# Cold Smoker Build - Working Mini Fridge!



## aussiebazza (May 8, 2018)

Hey everyone,

After building my reverse flow I've had some major withdrawals about not having any projects on the go! I actually had some success using the AMNPS in it but our summers here in Australia can get pretty warm (100+ degrees) so it's not a very reliable cold smoker. The evidence was definitely there for me to convince the wife it was time for another project!

Shout out to Pops6927 as I saw he had a similar idea some time back which I took my inspiration from. Basically I set out to make a mailbox mod converted mini fridge but for this build it would be a working fridge to keep the temps cool. 

Not sure about over there but the mini fridges here use the ice box / freezer portion of the fridge to cool the entire unit. I managed to pick one up 2nd hand for a bargain which was the ideal layout!
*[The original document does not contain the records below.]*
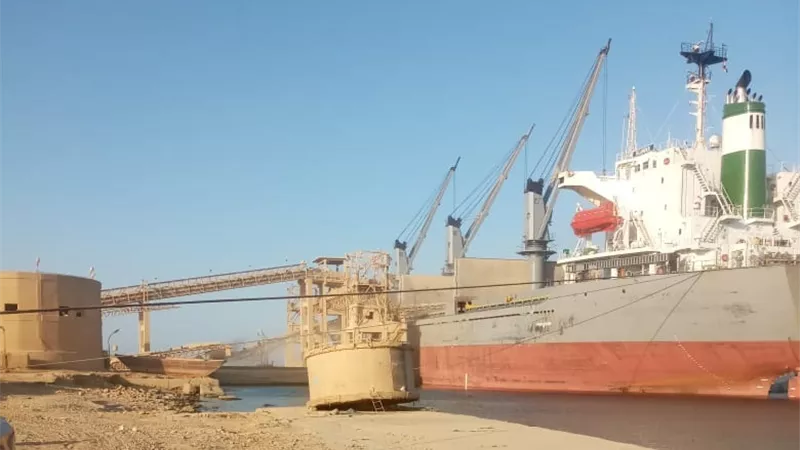 تصدير ٣٠٠٠٠ الف طن فوسفات من ميناء الحمراوين بالبحر الأحمر الي الهند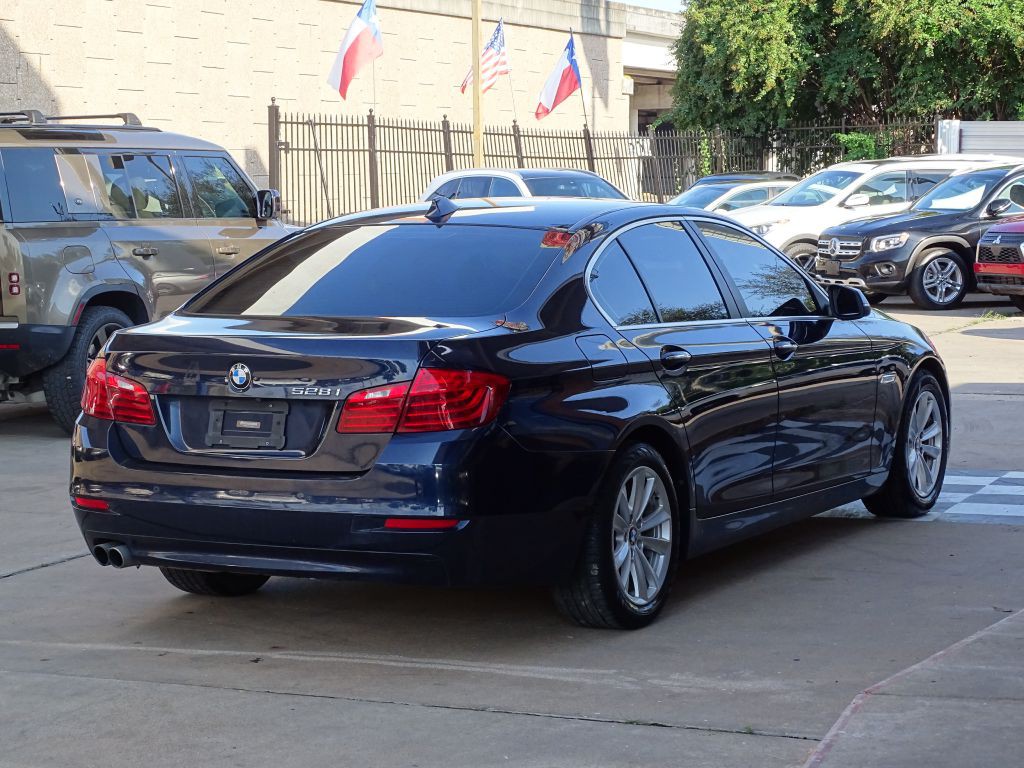 2015 BMW 5 Series Image 7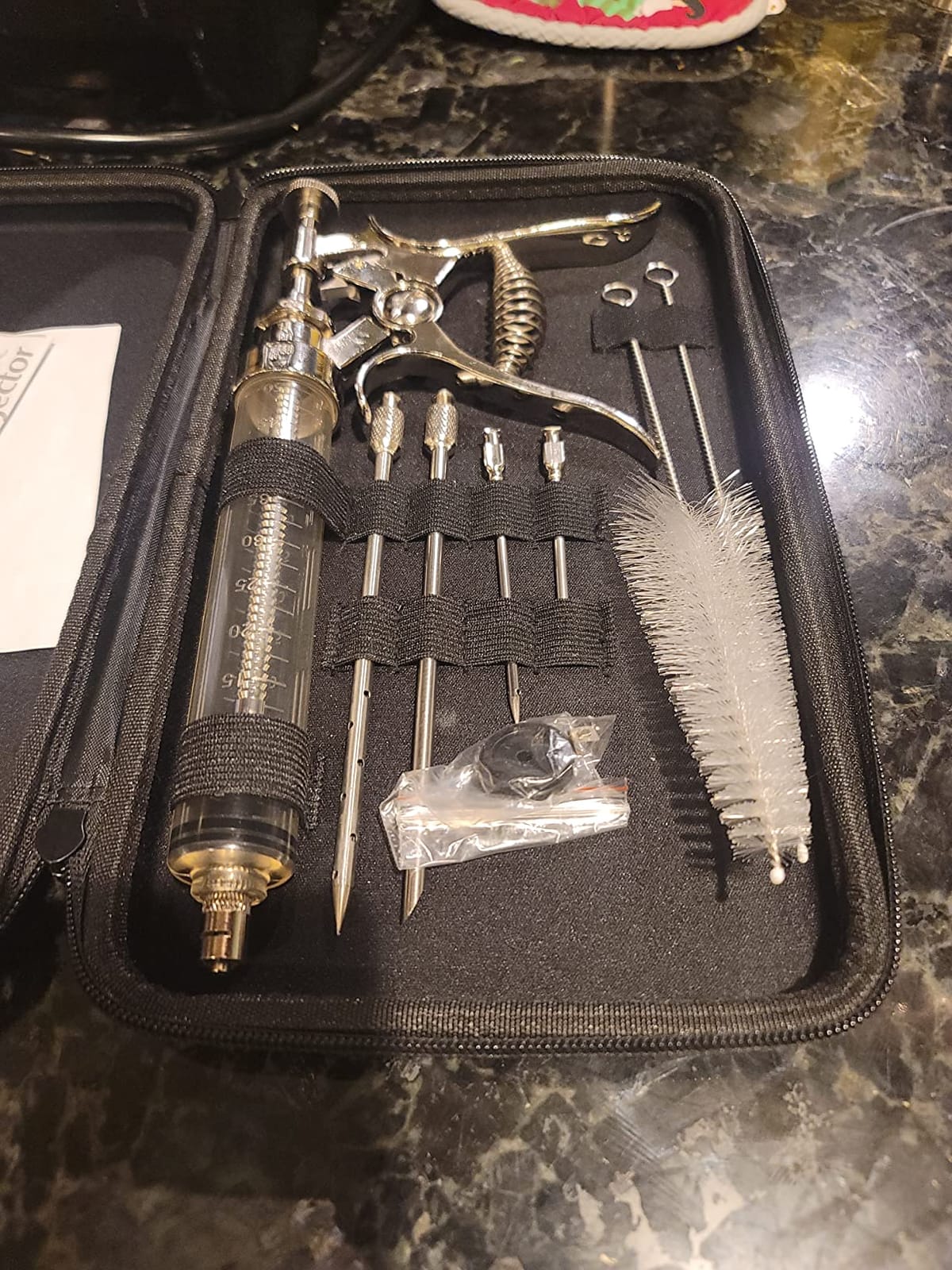 Professional Automatic BBQ Meat Marinade Injector Gun Kit with Case, 2 oz Large Capacity Barrel and 4 Commercial Grade Marinade Needles customer photo 1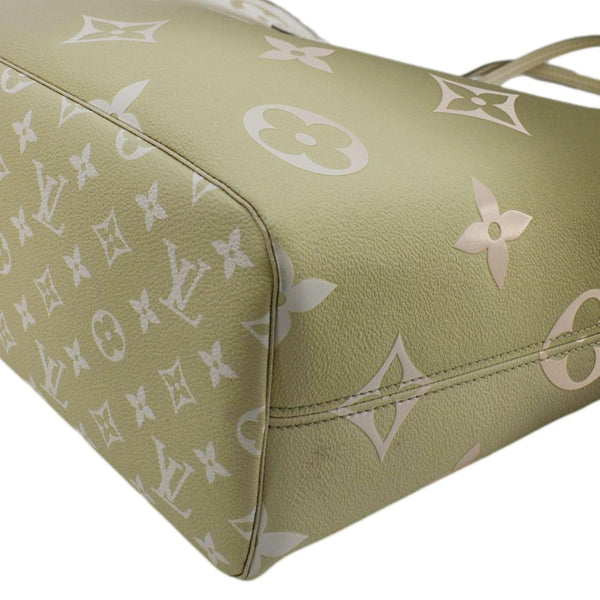LOUIS VUITTON Neverfull MM Monogram Canvas Tote Sunset Khaki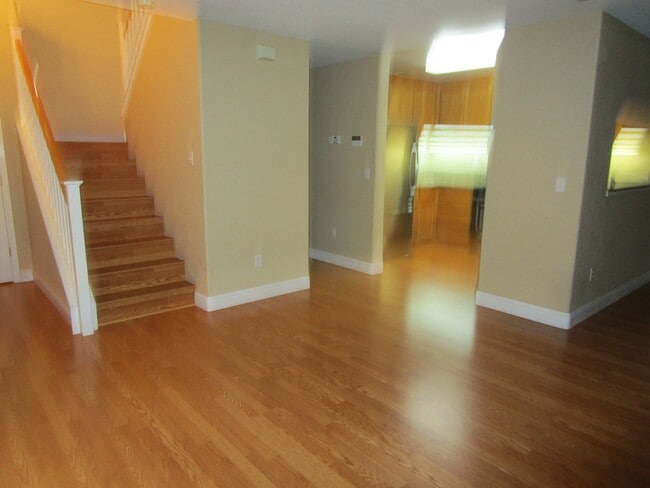 Building Photo - 142 Altamont Ct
I've run it pretty much every weekend since and it hasn't missed a beat! Without the fridge switched on I can maintain around 90 degrees no problem. With the thermostat set to a cool setting (not crazy cold) I can keep my internal temps at half that! Very happy with the results!

Anyways that's enough from me and as they say, all threads are useless without pics. Enjoy

Bazza








I needed a fridge with only a half size ice box so I could vent the smoke past it which this brand was perfect for.






Turns out mini fridges run the condenser coils up both side walls and all across the top! I wanted to draw the smoke from the middle center but the only space where the coils were not was under the electrics housing in the back corner.













p.s. It was scary as hell drilling the vents as the slightest nick in the coils would ruin the whole project! I made a tiny pilot hole then dug around with a welding rod to check before I let the hole saw loose.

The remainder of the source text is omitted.